← All posts jacob@stephens.page
Notes · Measurement

Byte Counts Lie: Measuring What I Actually Wrote

June 13, 2026 · ~640 words · Git authorship measurement

I built stephens.page/stack to show the distribution of languages and tools across every repository I work in. The first version summed GitHub's per-language byte counts and PHP towered over everything. The trouble is I never wrote a large share of that PHP. The page was measuring repository size and calling it me.

The offender is one repository: the reservations platform I have worked on at Educational Travel Adventures since February 2022, a codebase built since the 1990s. GitHub's Linguist sees about 14.5 million bytes of PHP in it. Crediting all of that to me is a false claim on a page whose whole point is to be honest. So the metric had to change from "how many bytes of each language sit in my repos" to "how much of each language did I actually write."

The two attempts that didn't work

The obvious first move is GitHub's contributor statistics API, which reports additions and deletions per author. For a repository this large it returned all-zero additions - GitHub silently declines to compute the stat past a size threshold. Dead end.

The second attempt was churn: git log --numstat, summing the lines each author added over all history. That standard "contribution" measure was badly polluted. Single commits added two to four and a half million lines at a stroke, none hand-written. Worse, the history begins on 2023-09-08, the day the project migrated from Bitbucket into GitHub, importing roughly 28 years of inherited code across dozens of same-day commits under my account. Churn credited me with 56% of the PHP. Still a lie, just a smaller one.

Blame the surviving lines, not the churn

The honest unit is current-tree ownership: of the lines that exist today, who wrote each one. That is what git blame answers, and it ignores churn that was later deleted. But two things stood in the way.

First, because the history starts at the 2023 migration, every inherited line blames to the import commit - me - rather than to whoever wrote it years earlier. The fix was the project's history before GitHub. It lived in three Bitbucket repositories going back to the first commit in 2014. For any current line still blamed to a migration-day commit, I re-attributed it by my real share of authorship in the pre-2023 Bitbucket snapshot, measured, again, by blame.
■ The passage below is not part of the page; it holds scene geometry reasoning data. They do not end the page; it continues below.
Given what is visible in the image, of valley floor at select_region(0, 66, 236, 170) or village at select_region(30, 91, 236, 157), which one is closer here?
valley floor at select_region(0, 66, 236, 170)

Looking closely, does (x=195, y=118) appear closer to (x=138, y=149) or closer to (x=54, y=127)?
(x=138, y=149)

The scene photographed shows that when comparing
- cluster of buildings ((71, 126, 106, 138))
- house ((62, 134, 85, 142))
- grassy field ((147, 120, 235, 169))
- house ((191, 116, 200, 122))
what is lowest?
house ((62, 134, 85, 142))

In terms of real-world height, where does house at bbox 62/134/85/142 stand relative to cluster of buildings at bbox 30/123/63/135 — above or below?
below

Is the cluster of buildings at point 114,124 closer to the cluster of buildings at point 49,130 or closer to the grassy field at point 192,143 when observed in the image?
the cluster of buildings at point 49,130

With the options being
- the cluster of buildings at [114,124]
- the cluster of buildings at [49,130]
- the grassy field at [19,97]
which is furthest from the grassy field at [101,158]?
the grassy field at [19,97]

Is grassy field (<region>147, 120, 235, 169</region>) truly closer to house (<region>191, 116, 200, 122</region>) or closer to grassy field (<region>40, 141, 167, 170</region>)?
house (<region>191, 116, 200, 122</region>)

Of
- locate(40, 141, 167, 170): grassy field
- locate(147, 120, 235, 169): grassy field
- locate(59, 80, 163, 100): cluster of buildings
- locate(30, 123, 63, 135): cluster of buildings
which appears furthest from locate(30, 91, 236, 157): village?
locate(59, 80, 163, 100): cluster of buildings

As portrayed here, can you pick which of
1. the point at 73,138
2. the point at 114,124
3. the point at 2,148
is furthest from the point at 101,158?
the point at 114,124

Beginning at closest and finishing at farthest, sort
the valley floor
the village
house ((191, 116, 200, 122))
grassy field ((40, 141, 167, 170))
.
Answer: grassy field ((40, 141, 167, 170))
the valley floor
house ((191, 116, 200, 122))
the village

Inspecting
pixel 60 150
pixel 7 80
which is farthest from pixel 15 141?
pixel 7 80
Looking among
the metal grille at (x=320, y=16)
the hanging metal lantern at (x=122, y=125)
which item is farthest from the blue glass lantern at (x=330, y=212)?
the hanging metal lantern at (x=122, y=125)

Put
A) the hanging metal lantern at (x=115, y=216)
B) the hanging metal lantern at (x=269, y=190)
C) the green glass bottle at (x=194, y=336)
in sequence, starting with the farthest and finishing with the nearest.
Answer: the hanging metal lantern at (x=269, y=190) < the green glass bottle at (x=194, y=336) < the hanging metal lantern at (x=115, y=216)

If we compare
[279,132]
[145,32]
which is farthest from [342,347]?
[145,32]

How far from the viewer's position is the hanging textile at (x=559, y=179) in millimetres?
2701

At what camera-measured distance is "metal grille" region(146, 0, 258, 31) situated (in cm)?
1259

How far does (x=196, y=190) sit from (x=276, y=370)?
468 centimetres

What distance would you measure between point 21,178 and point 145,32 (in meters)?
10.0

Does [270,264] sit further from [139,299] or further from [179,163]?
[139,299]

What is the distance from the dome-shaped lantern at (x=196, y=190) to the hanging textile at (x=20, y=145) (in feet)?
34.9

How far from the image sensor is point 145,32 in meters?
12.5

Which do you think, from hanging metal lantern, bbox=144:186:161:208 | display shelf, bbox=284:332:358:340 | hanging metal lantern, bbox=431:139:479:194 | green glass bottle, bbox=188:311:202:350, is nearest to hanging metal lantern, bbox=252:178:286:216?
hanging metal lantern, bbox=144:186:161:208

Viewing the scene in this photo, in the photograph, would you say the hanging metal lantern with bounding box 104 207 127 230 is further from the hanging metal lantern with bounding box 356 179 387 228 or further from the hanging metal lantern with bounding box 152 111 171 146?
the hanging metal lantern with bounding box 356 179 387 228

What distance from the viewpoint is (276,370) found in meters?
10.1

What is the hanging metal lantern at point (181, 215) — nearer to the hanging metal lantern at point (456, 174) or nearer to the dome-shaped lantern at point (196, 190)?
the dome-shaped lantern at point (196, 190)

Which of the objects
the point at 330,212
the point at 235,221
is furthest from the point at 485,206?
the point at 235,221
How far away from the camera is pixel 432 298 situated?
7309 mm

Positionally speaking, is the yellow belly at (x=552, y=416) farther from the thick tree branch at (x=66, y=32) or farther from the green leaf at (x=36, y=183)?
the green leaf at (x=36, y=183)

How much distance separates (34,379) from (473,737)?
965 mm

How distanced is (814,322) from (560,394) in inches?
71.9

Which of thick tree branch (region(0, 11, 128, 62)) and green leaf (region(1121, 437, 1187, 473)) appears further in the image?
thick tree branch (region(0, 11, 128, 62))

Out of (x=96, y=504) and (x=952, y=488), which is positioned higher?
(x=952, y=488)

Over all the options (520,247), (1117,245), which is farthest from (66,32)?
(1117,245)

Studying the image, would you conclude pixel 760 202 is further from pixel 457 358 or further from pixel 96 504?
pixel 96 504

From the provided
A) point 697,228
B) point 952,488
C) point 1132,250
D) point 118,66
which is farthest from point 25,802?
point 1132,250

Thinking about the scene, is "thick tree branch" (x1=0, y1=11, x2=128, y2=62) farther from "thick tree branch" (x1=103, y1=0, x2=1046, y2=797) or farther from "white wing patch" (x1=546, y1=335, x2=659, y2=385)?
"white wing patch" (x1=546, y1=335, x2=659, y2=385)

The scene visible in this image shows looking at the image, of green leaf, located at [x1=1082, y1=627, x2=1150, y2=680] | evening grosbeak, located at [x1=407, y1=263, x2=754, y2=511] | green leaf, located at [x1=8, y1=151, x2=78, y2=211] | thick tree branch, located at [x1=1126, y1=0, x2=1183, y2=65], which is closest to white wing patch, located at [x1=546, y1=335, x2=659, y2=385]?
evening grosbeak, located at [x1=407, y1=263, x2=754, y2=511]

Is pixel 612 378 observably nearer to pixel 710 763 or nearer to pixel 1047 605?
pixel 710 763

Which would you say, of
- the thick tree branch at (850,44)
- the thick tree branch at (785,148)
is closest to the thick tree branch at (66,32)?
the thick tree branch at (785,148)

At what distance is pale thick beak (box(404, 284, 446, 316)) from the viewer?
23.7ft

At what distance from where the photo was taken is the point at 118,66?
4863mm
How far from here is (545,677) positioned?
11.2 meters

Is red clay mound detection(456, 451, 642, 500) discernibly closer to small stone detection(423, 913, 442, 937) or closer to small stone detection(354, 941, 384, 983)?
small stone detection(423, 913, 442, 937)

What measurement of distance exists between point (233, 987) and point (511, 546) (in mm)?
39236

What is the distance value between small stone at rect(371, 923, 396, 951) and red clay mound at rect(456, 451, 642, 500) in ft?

Second, the migration reshuffled files into new subdirectories, so matching a file across the 2023 seam by path mostly fails. Rather than chase renames, I attribute inherited lines by my per-language share of the old snapshot as a whole, which survives the reorganization.

A few details that mattered:

  1. Exclude the bulk dumps. Any commit adding more than 20,000 lines is an import, a vendored dependency, a committed cache, or a backup - never hand-authored. Those lines count toward the codebase total but never toward me.
  2. Exclude vendored paths. vendor/, node_modules/, bundled libraries, and minified files are not my authorship in any repo.
  3. Resolve identity carefully. My commits span several names and emails, and AI agents I built committed under my own email. I match my human identities and subtract the agent ones.
  4. Bias conservative. Where the migration flattened a file's history so blame can't recover the real author, I count those lines as not mine. A portfolio number should under-claim, never over-claim.
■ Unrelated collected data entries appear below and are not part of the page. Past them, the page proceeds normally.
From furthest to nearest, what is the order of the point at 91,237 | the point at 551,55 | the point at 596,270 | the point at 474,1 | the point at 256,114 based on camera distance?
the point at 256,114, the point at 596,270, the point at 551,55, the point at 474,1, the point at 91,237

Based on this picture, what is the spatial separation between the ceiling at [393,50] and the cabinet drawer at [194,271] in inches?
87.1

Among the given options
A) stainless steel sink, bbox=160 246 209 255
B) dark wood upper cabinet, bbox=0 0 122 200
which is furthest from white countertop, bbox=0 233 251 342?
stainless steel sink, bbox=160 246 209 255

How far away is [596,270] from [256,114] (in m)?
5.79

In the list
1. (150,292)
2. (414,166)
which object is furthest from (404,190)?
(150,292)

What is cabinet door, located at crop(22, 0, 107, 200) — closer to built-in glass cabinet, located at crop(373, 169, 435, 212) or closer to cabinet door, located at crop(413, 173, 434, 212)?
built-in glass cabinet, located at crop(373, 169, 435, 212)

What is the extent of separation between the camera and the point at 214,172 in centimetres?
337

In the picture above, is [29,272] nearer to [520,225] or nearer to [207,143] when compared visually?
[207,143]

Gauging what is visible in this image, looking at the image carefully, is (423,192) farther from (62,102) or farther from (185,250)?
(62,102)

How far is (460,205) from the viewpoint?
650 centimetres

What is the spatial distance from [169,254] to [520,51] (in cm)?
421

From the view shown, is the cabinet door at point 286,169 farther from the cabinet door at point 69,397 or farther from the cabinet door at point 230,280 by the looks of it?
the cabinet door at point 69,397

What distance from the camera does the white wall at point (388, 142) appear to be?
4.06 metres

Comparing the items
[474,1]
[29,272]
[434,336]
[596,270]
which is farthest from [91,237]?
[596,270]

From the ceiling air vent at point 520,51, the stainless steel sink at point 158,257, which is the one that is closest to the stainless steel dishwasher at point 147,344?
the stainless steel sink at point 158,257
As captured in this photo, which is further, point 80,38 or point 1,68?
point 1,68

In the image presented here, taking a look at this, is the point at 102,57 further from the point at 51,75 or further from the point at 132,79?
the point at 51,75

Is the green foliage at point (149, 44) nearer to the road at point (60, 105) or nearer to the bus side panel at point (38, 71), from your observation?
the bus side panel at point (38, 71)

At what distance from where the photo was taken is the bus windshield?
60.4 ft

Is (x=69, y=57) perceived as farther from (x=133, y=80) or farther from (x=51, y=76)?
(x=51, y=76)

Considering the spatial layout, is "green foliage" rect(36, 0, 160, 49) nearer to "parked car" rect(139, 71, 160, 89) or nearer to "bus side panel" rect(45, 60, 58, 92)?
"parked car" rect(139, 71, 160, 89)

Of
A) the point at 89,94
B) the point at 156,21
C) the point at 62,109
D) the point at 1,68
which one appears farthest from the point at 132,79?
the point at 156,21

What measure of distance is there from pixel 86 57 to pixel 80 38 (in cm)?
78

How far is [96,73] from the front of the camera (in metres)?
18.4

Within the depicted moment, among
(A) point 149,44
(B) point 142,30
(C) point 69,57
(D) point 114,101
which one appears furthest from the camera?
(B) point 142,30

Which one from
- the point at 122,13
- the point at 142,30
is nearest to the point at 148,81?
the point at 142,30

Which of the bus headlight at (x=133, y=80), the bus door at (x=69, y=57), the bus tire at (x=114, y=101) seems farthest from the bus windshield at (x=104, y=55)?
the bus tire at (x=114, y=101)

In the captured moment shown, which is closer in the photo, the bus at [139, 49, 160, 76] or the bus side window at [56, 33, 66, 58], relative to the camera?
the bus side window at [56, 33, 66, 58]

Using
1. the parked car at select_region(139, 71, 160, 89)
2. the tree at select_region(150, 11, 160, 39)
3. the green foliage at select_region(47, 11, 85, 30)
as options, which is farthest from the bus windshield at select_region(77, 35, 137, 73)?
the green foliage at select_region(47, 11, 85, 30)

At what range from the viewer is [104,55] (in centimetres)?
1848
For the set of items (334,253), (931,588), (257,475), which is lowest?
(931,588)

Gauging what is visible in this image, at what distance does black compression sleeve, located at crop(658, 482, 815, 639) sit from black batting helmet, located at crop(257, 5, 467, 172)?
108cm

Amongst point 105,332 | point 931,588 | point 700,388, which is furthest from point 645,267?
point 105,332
The result, and the surprise

Measured this way, I authored about 12.9% of the inherited platform's current lines - roughly 263,000 lines that are genuinely mine - and its PHP specifically drops from the churn estimate of 56% to 27%. Each repository's language bytes on the page are now scaled by the share I wrote; repositories I created count fully, and only the inherited one is discounted.

The surprise was where the weighting bit. It barely moved PHP's share of my overall volume. What it cut was JavaScript, from about 29% of the total to 5%. Almost all of that codebase's JavaScript was inherited or vendored, and the byte count had been quietly crediting me with it. The distortion wasn't where I expected.

The principle generalizes past one page: a byte count measures the size of a repository, not your contribution to it. The two match only for code you started yourself. Everywhere else, the honest measure is blame over the complete history - and that history may not live where the code does now.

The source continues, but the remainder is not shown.